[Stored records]

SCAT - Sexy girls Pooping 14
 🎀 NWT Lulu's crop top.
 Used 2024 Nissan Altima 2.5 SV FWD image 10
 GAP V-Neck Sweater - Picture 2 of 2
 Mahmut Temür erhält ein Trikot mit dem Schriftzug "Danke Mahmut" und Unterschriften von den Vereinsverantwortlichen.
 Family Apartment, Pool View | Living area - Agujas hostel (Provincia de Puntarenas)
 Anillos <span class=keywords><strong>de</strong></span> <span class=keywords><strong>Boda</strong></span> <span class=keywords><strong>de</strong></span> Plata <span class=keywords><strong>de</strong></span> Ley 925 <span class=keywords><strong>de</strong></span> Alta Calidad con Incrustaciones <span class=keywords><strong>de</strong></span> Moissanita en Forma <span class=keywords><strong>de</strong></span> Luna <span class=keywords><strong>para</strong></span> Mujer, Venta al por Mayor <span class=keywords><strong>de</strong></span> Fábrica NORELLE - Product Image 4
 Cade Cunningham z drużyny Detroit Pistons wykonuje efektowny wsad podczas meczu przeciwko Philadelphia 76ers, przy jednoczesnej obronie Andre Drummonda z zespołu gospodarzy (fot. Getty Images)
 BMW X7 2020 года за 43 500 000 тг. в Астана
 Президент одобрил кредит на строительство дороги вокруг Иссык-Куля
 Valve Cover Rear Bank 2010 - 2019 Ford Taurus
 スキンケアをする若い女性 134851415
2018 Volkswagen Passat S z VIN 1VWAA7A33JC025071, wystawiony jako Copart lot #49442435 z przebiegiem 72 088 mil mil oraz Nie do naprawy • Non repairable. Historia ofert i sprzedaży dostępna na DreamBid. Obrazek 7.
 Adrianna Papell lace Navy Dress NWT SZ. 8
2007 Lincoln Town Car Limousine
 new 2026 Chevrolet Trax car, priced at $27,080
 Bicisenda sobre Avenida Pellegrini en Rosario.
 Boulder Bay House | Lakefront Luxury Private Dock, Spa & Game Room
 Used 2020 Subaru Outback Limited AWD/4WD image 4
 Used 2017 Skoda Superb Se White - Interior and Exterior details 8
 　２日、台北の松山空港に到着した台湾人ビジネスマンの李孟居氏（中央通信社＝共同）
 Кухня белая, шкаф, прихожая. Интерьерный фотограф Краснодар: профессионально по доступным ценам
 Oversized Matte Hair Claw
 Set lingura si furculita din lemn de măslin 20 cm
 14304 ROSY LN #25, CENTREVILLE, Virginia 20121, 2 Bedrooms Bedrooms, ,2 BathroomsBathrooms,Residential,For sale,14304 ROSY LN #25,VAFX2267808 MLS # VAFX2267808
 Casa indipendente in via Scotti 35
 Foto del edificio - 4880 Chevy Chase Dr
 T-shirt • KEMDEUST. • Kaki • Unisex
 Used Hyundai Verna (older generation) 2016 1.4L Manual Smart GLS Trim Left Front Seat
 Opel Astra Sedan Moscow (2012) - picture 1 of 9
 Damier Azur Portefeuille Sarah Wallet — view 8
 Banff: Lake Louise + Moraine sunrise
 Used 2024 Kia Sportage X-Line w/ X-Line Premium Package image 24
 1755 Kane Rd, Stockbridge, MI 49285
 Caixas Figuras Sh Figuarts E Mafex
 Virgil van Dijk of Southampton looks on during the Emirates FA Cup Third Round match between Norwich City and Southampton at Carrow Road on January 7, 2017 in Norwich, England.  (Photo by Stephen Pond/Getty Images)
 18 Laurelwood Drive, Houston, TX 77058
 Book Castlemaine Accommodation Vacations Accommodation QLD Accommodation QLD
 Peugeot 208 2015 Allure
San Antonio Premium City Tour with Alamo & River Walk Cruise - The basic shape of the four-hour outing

### Activity
All of the data is to be transcribed exactly as written.

### Exercise answer
SCAT - Sexy girls Pooping 14
 🎀 NWT Lulu's crop top.
 Used 2024 Nissan Altima 2.5 SV FWD image 10
 GAP V-Neck Sweater - Picture 2 of 2
 Mahmut Temür erhält ein Trikot mit dem Schriftzug "Danke Mahmut" und Unterschriften von den Vereinsverantwortlichen.
 Family Apartment, Pool View | Living area - Agujas hostel (Provincia de Puntarenas)
 Anillos <span class=keywords><strong>de</strong></span> <span class=keywords><strong>Boda</strong></span> <span class=keywords><strong>de</strong></span> Plata <span class=keywords><strong>de</strong></span> Ley 925 <span class=keywords><strong>de</strong></span> Alta Calidad con Incrustaciones <span class=keywords><strong>de</strong></span> Moissanita en Forma <span class=keywords><strong>de</strong></span> Luna <span class=keywords><strong>para</strong></span> Mujer, Venta al por Mayor <span class=keywords><strong>de</strong></span> Fábrica NORELLE - Product Image 4
 Cade Cunningham z drużyny Detroit Pistons wykonuje efektowny wsad podczas meczu przeciwko Philadelphia 76ers, przy jednoczesnej obronie Andre Drummonda z zespołu gospodarzy (fot. Getty Images)
 BMW X7 2020 года за 43 500 000 тг. в Астана
 Президент одобрил кредит на строительство дороги вокруг Иссык-Куля
 Valve Cover Rear Bank 2010 - 2019 Ford Taurus
 スキンケアをする若い女性 134851415
2018 Volkswagen Passat S z VIN 1VWAA7A33JC025071, wystawiony jako Copart lot #49442435 z przebiegiem 72 088 mil mil oraz Nie do naprawy • Non repairable. Historia ofert i sprzedaży dostępna na DreamBid. Obrazek 7.
 Adrianna Papell lace Navy Dress NWT SZ. 8
2007 Lincoln Town Car Limousine
 new 2026 Chevrolet Trax car, priced at $27,080
 Bicisenda sobre Avenida Pellegrini en Rosario.
 Boulder Bay House | Lakefront Luxury Private Dock, Spa & Game Room
 Used 2020 Subaru Outback Limited AWD/4WD image 4
 Used 2017 Skoda Superb Se White - Interior and Exterior details 8
 　２日、台北の松山空港に到着した台湾人ビジネスマンの李孟居氏（中央通信社＝共同）
 Кухня белая, шкаф, прихожая. Интерьерный фотограф Краснодар: профессионально по доступным ценам
 Oversized Matte Hair Claw
 Set lingura si furculita din lemn de măslin 20 cm
 14304 ROSY LN #25, CENTREVILLE, Virginia 20121, 2 Bedrooms Bedrooms, ,2 BathroomsBathrooms,Residential,For sale,14304 ROSY LN #25,VAFX2267808 MLS # VAFX2267808
 Casa indipendente in via Scotti 35
 Foto del edificio - 4880 Chevy Chase Dr
 T-shirt • KEMDEUST. • Kaki • Unisex
 Used Hyundai Verna (older generation) 2016 1.4L Manual Smart GLS Trim Left Front Seat
 Opel Astra Sedan Moscow (2012) - picture 1 of 9
 Damier Azur Portefeuille Sarah Wallet — view 8
 Banff: Lake Louise + Moraine sunrise
 Used 2024 Kia Sportage X-Line w/ X-Line Premium Package image 24
 1755 Kane Rd, Stockbridge, MI 49285
 Caixas Figuras Sh Figuarts E Mafex
 Virgil van Dijk of Southampton looks on during the Emirates FA Cup Third Round match between Norwich City and Southampton at Carrow Road on January 7, 2017 in Norwich, England.  (Photo by Stephen Pond/Getty Images)
 18 Laurelwood Drive, Houston, TX 77058
 Book Castlemaine Accommodation Vacations Accommodation QLD Accommodation QLD
 Peugeot 208 2015 Allure
San Antonio Premium City Tour with Alamo & River Walk Cruise - The basic shape of the four-hour outing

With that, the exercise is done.